I listened to Caedmon's Call (the group he used to be in) a lot around 6-7 years ago. So we I heard Derek was launching a solo career in 2003, I rushed out to buy his first album, She Must and Shall Go Free. Only to discover... I hated it. A little too country for me, really not what I expected, but mostly I just didn't get it. Some of his music made me uncomfortable, but I've since learned that's the beauty of Derek Webb. (I now love the record... wisdom comes with age, I guess.)

So when his second album, i see things upside down, came out, I didn't purchase it right away. I think I finally picked it up late in 2005, ready to give him a chance, and his lyrics affected me in a great way. He was sharing much about himself and the Christian subculture that I myself was going through and having my eyes opened to. More than anything, it just felt good to know someone else out there felt like I did and had seen what I had seen.

Then came the great Mockingbird, & One Zero, and somewhere in between these two CDs I picked up The House Show. While personally I love i see things upside down the most, Mockingbird is by far the superior album, both lyrically and musically. I love One Zero because it feel like he is sitting next to me singing. I love The House Show because he shares the stories and reasons behind the songs.

When I discovered Derek would be in Lincoln last Friday, I immediately made plans to go. I took the afternoon off work and stayed with my friend Suzie. It also gave me the change to introduce her to his music.

It snowed about 12 inches in the eastern part of the state, but thankfully the concert was still a go. We drove around the Haymarket to find a parking space (usually a challenge in the downtown area of Lincoln) and as we drove through a section of parking right by the bar where he was playing, Suzie stopped for two people crossing the street. (No easy task considered the horrible road conditions.) As she slide to a stop, narrowly missing these two guys, I immediately recognized him. Yes, we almost ran over Derek Webb. This would only happen to me, I assure you.

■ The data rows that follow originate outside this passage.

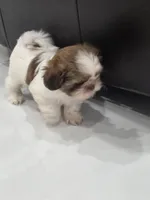 Bengi's Shih Tzu , a male Shih Tzu for sale in Homestead, FL – 3 of 6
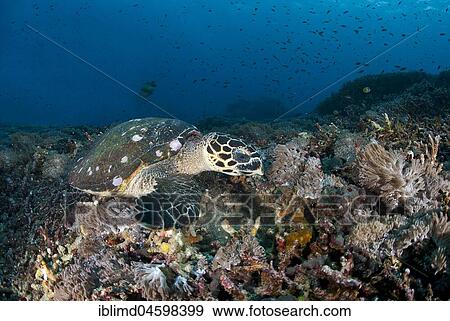 Hawksbill sea turtle (Eretmochelys imbricata), on forage over coral reef, Nusa Penida, Nusa Lembongan, Bali, Indonesia, Asia View Large Photo Image Stock Photo - Hawksbill sea turtle (Eretmochelys imbricata), on forage over coral reef, Nusa Penida, Nusa Lembongan, Bali, Indonesia, Asia. Fotosearch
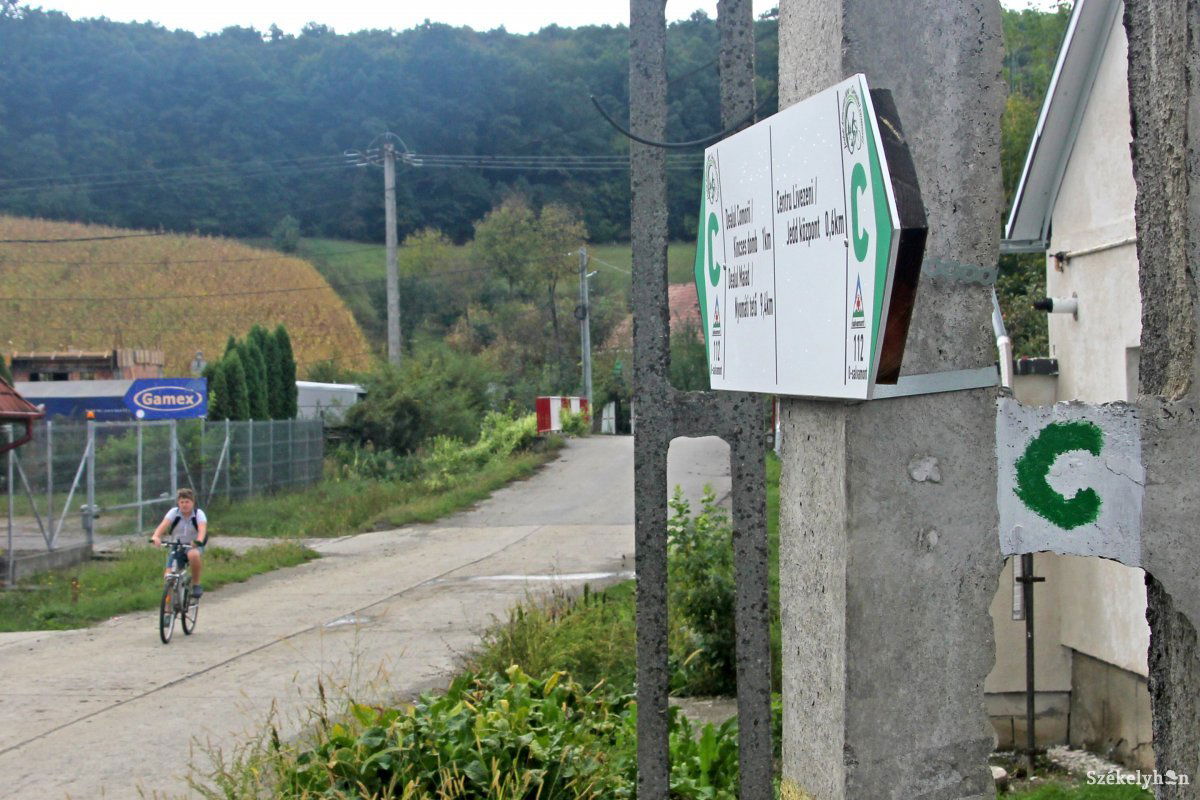 Számítani lehet a medvére a kerékpárúton, fel lehet készülni, de ettől függetlenül veszélyes lehet egy találkozás. A tipikus „mindkét félnek igaza van, csak szerre” esete… &bullet;  Fotó: Haáz Vince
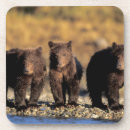 Buscar garras de oso posavasos Omnívoro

After located a parking spot and trekking through the snow, we were able to enjoy a tremendous evening of beautiful music in a really cool old historic building. He played three new songs: This Too Shall Be Made Right, I Don't Want To Fight, and I think the other song was called The End. He opened with This Too Shall Be Made Right and went into a set of:


Mockingbird
A King & A Kingdom
Rich Young Ruler
My Enemies Are Men Like Me
New Law
I Don't Want to Fight
The End
Nothing is Ever Enough
(special request from an audience member, which Derek was afraid he might not remember. But of course he did fine.)
Nobody Loves Me
Saint and Sinner
Wedding Dress
Lover


Of course it wasn't enough it nearly hit the guy, because as we left the bar, Derek was leaving at the same time. Dying to meet him, I introduced myself. Derek was flattered I'd driven an hour and a half to see the concert and I never would've guessed it, but that man has the biggest, most magnetic smile I've ever seen. It's like twice as big as his head. Completely awesome. He was very sweet, and running down to Scooters for coffee. It was still snowing a little and very windy so anything to warm up was a good idea. Derek told us he comes to Lincoln a lot because his brother and some other family live there, so he's come to expect it.

All in all, it was a wonderful night of music and it was completely awesome that not only did I almost run him over, but I also got to meet him. How lucky am I?